---- Supplied information

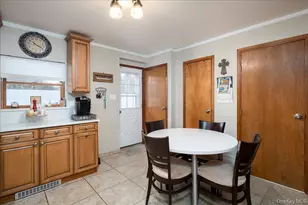 242 Seidman Pl, Franklin Square, NY 11010 - Photo 5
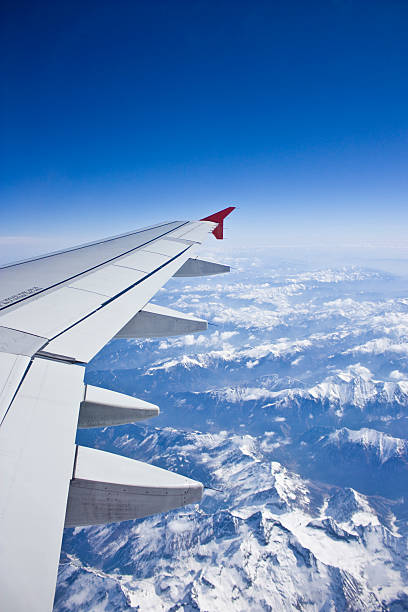 飛行機の翼のアルプス - mountain range earth sky airplane ストックフォトと画像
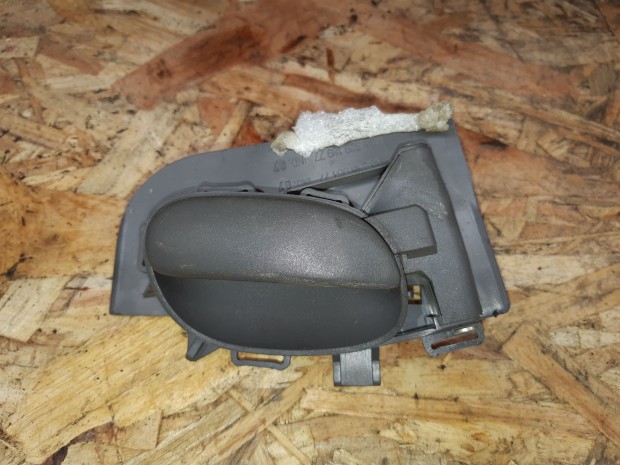 Peugeot 206 Bal Els� Bels� Ajt�kilincs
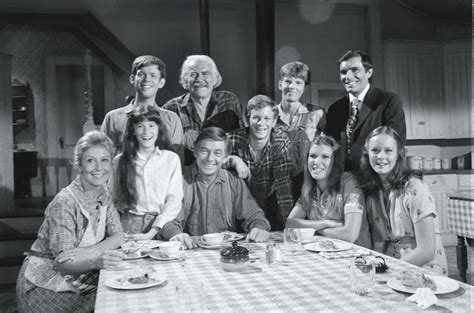 'The Waltons': What the Real Walton Family Ate for Thanksgiving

--------

Leaving the images out, retype all the material above exactly.

 242 Seidman Pl, Franklin Square, NY 11010 - Photo 5
 飛行機の翼のアルプス - mountain range earth sky airplane ストックフォトと画像
 Peugeot 206 Bal Els� Bels� Ajt�kilincs
 'The Waltons': What the Real Walton Family Ate for Thanksgiving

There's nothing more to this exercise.